Initially, the city did not anticipate any buyer stepping forward to buy the blighted properties at auction two weeks ago. But a “mystery buyer” surprised the city by bidding almost $3.2 million for the properties, almost half of which need to be torn down.

Strather was revealed as the mystery buyer behind the purchase last week, in a report from Businessweek.

The Businessweek article said that no one was expected to bid on the bundle, which was a grouping together of about 6,000 thousand properties in good shape with roughly 2,000 vacant lots and another 3,000 properties that must be demolished.

After Strather won the bid, the city said that he was responsible for coming up with a plan for the demolition work, which was estimated to cost more than $24 million.

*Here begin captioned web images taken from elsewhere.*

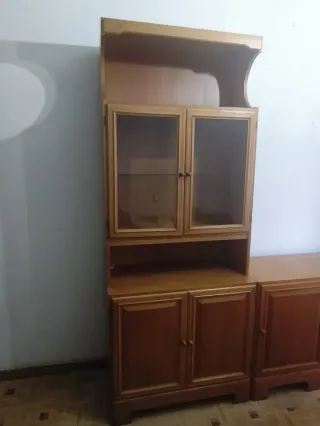 Mueble de comedor madera y cristal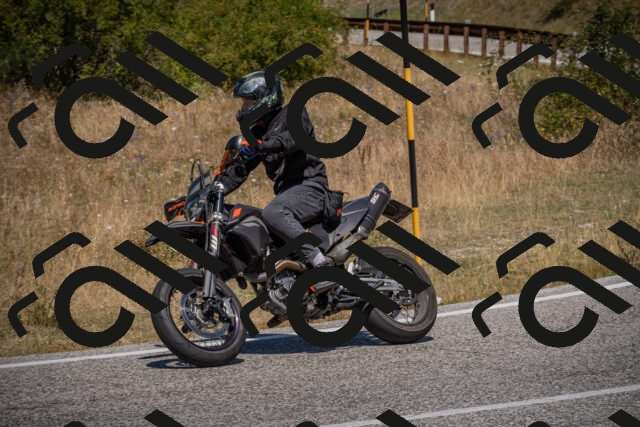 20250809122533-_5000962_am_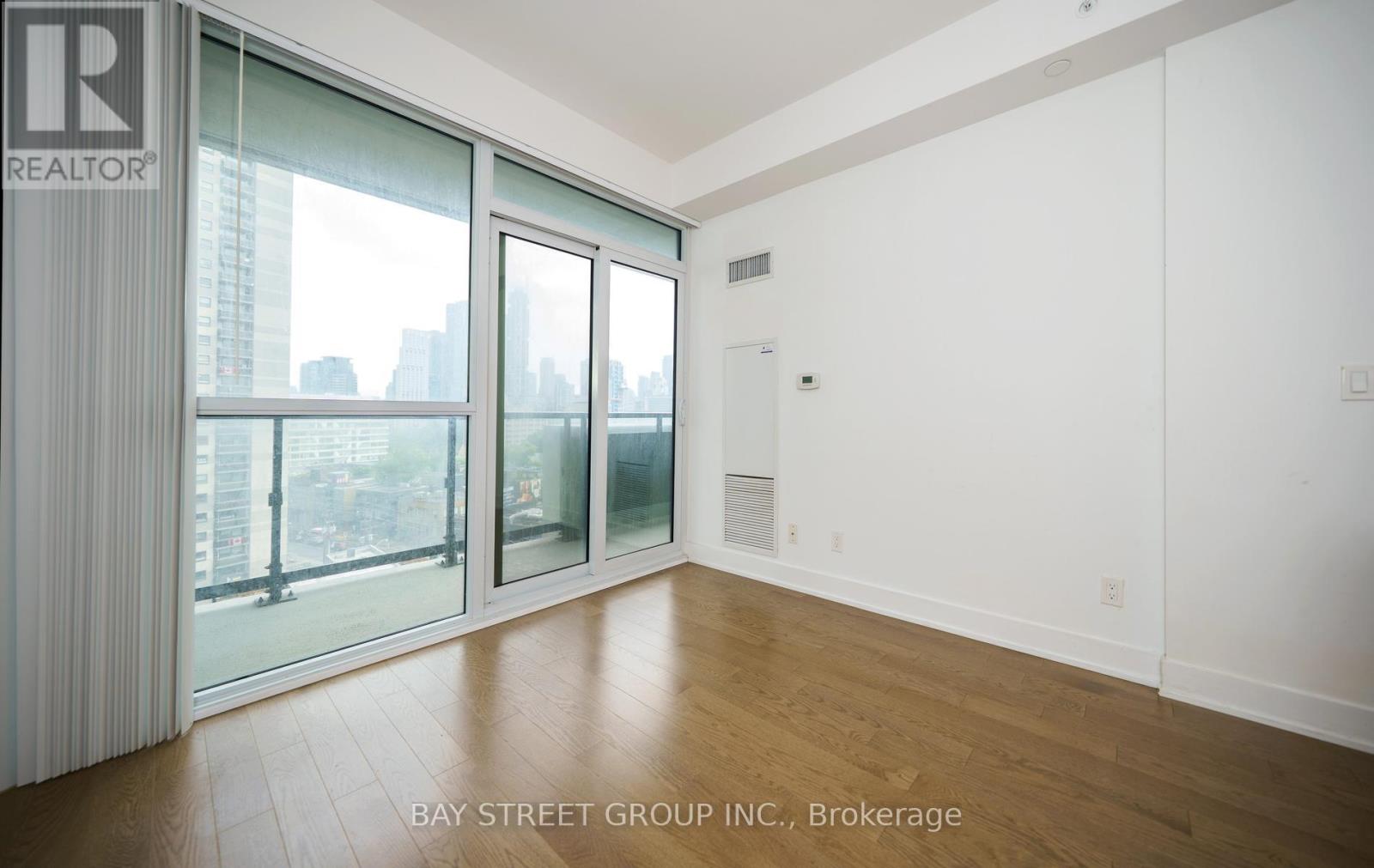 #905 181 BEDFORD ROAD - Image 19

Now, the deal has fallen apart, according to a new report from Businessweek. From the Businessweek report:

Last week he (Strather) told Bloomberg Businessweek that he’d hoped to keep some of the best parcels for his investment fund and find a way to get the city to use federal funding to demolish the decrepit properties. The Wayne County’s deputy treasurer, David Szymanski, said a plan like that wasn’t “going to fly,” and the land bank said it’s allowed to demolish only properties it owns.

Szymanski told Strather that the winner bidder would be required to pay for the demolition.

Those expectations were public before the auction closed, and Szymanksi says, “I don’t know how somebody could interpret” the original guidance to allow a plan to offload the worst properties on the city. Szymanski says Strather also met with Detroit Mayor Mike Duggan before withdrawing his offer.

Now the properties will be turned over to the city, which will utilize its “newly rejuvenated” land bank to lead the rehabilitation process.